What is being asked => Set down each line of the data exactly, but not the pictures.

[Data shown]

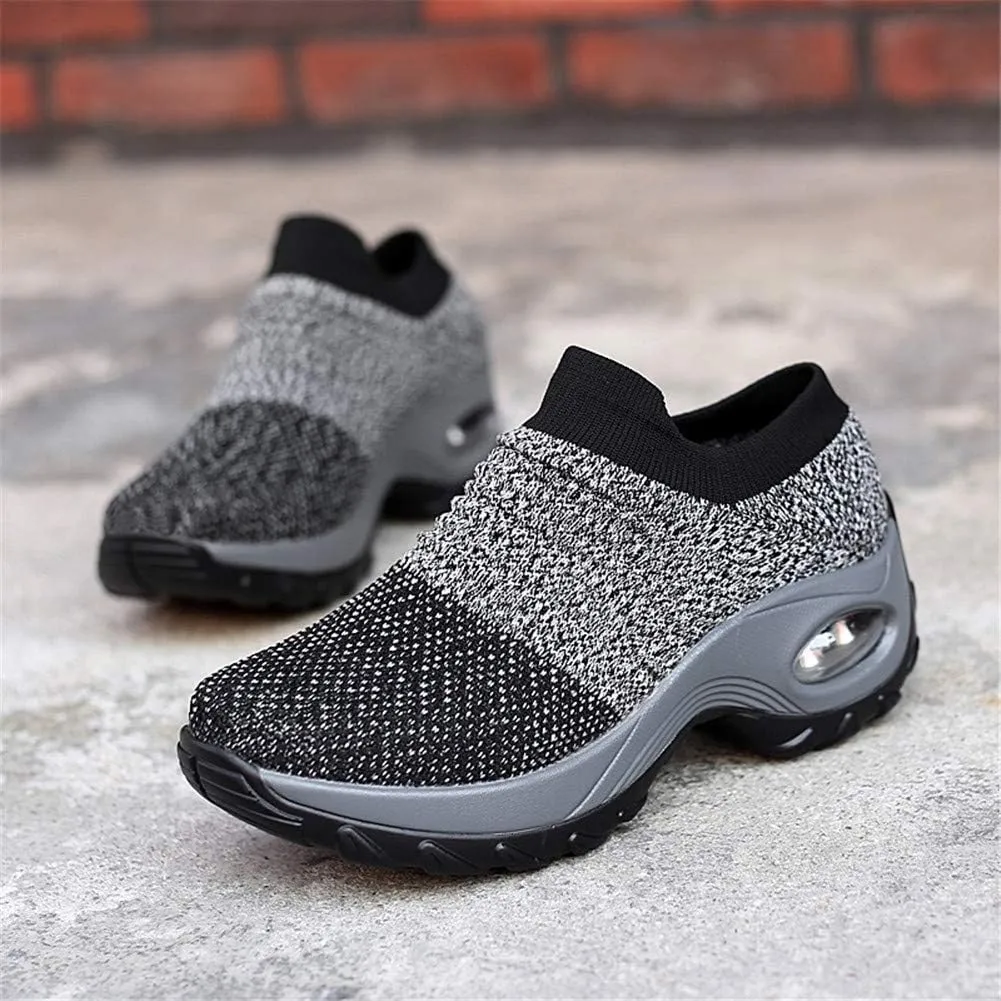 LEADER SHOW Women's Casual Walking Shoes Comfortable Loafers Slip-On Nursing Shoes Fashion Platform Sneakers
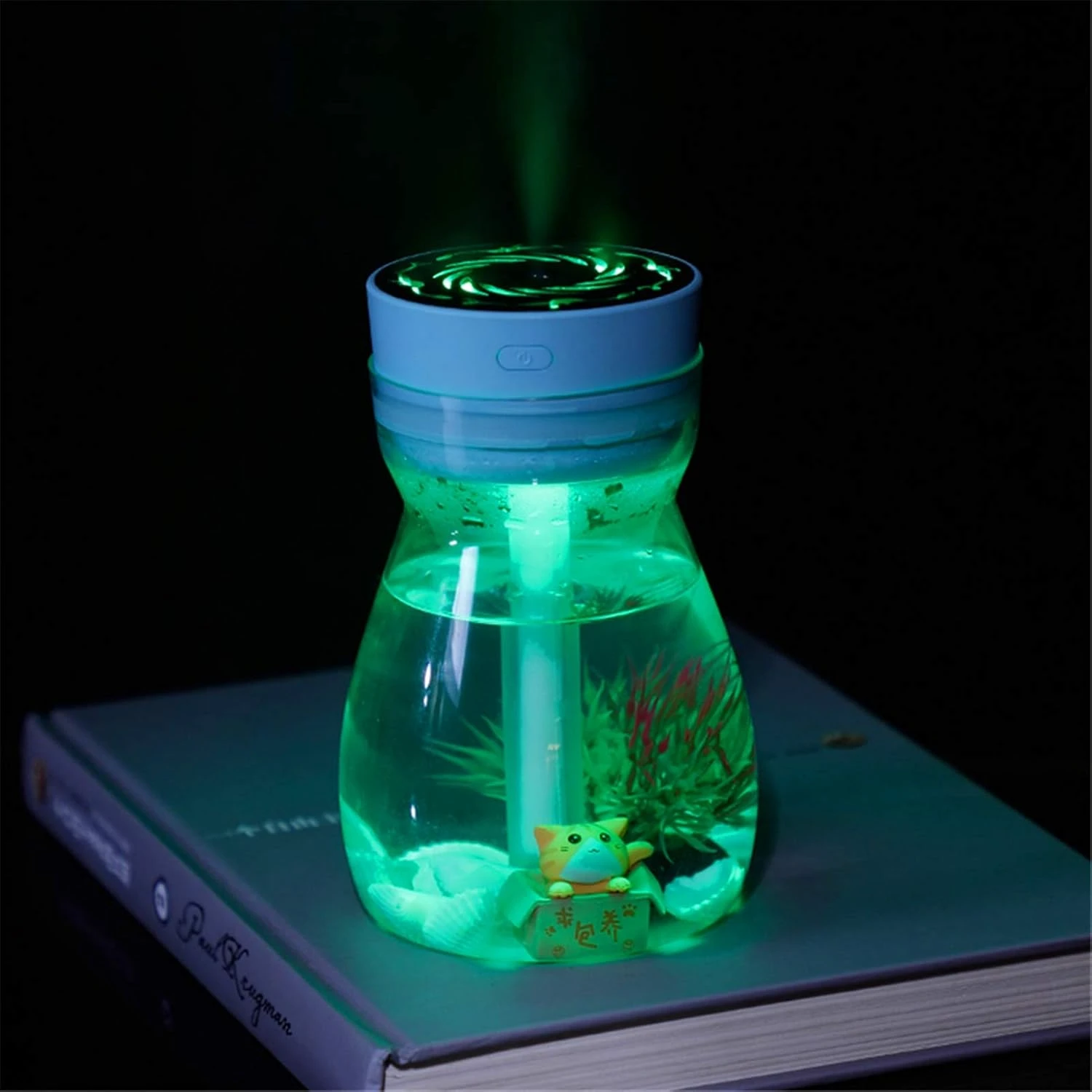 Mini umidificatore personale blu carino - Piccolo umidificatore domestico portatile a nebbia fredda con micro paesaggio per scrivania da ufficio e camera da letto per bambini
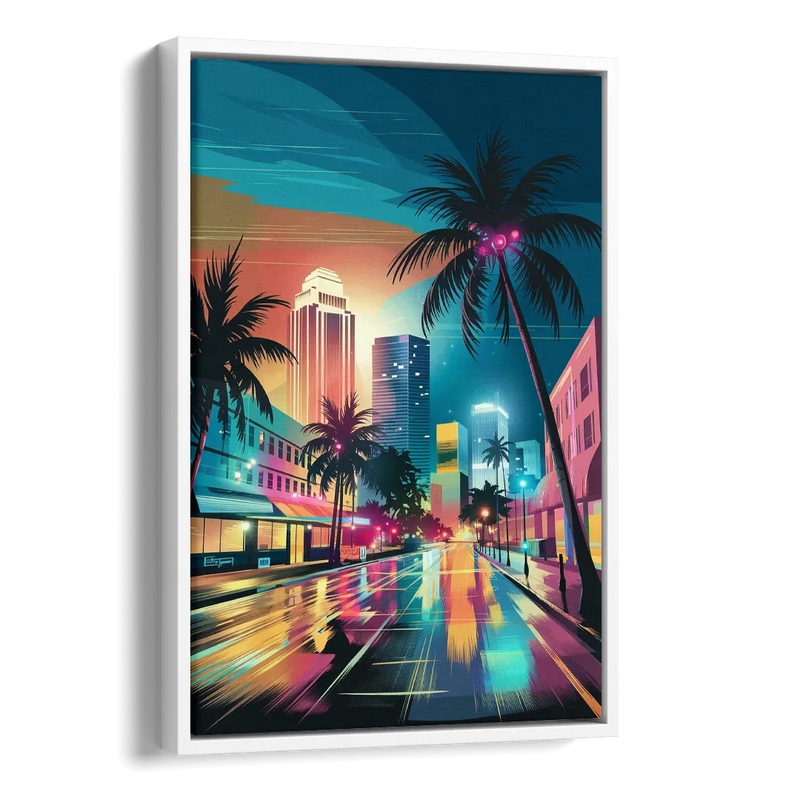 Miami Artistic Streets Side - White Canvas Wall Art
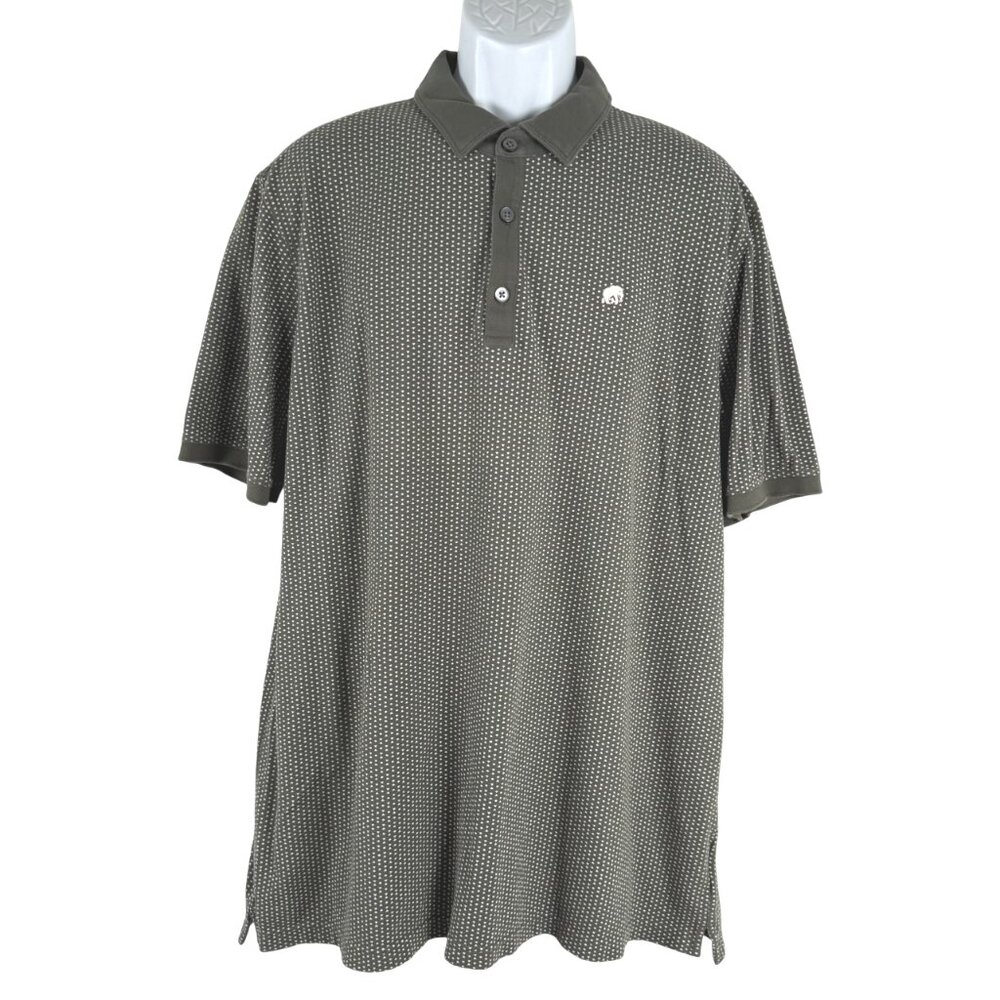 Banana Republic Polo Shirt 2XLT Short Sleeve Olive‎ Green White Printed TP-3631
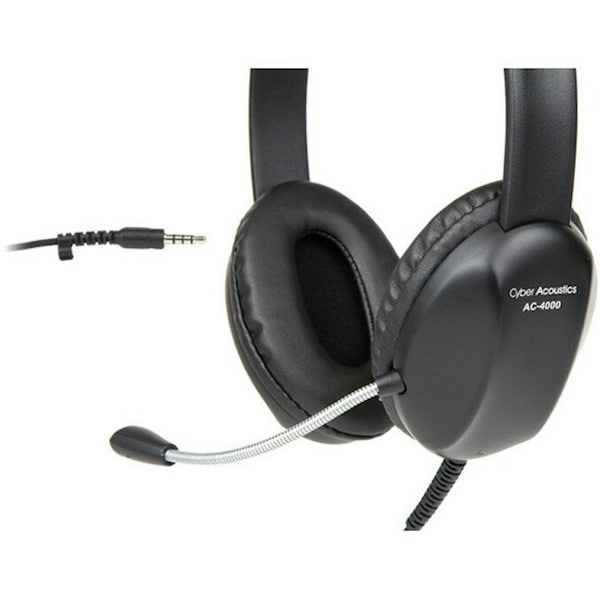 Cyber Acoustics Cyber Acoustics AC-4000 Headset - Stereo - Mini-phone (3.5mm) - Wired - Over-the-head - Binaural AC4000 - main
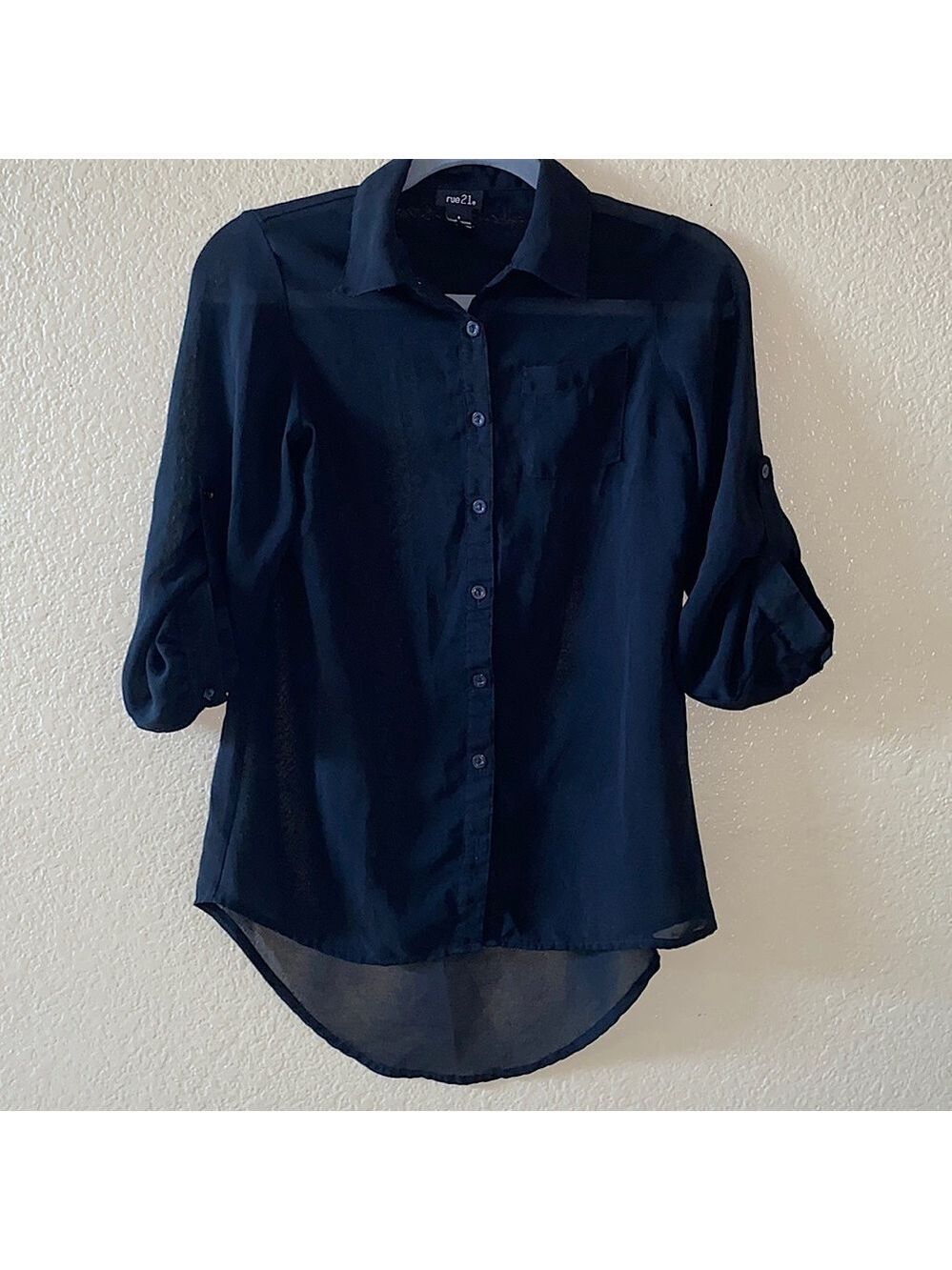Rue 21 Sheer Button Down Top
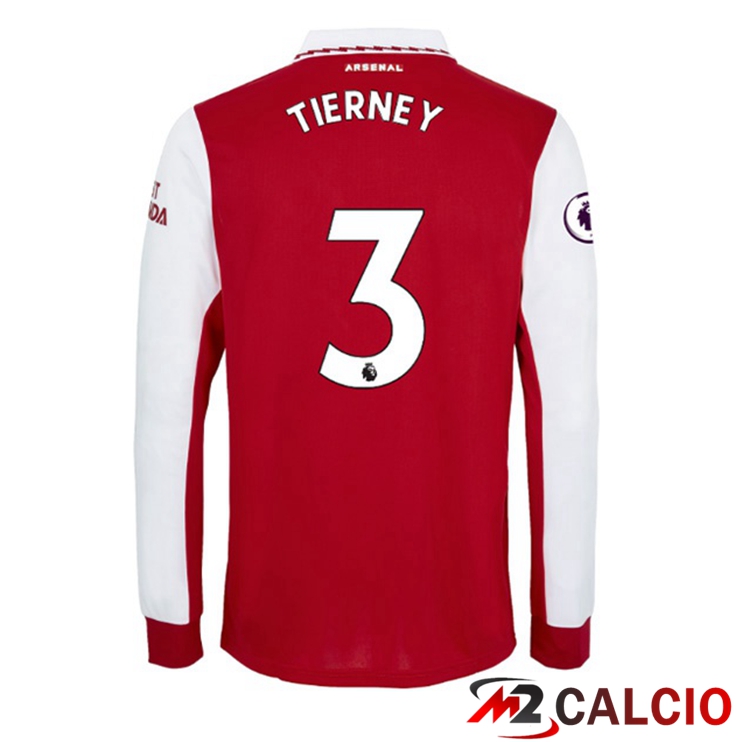 Maglie Calcio Personalizzate,Tute Calcio Squadre,Maglia Nazionale Italiana Calcio | Maglie Calcio Arsenal (TIERNEY 3) Prima Manica Lunga Rosso Bianco 2022/2023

[/Data shown]

Finished task =>
 LEADER SHOW Women's Casual Walking Shoes Comfortable Loafers Slip-On Nursing Shoes Fashion Platform Sneakers
 Mini umidificatore personale blu carino - Piccolo umidificatore domestico portatile a nebbia fredda con micro paesaggio per scrivania da ufficio e camera da letto per bambini
 Miami Artistic Streets Side - White Canvas Wall Art
 Banana Republic Polo Shirt 2XLT Short Sleeve Olive‎ Green White Printed TP-3631
 Cyber Acoustics Cyber Acoustics AC-4000 Headset - Stereo - Mini-phone (3.5mm) - Wired - Over-the-head - Binaural AC4000 - main
Rue 21 Sheer Button Down Top
 Maglie Calcio Personalizzate,Tute Calcio Squadre,Maglia Nazionale Italiana Calcio | Maglie Calcio Arsenal (TIERNEY 3) Prima Manica Lunga Rosso Bianco 2022/2023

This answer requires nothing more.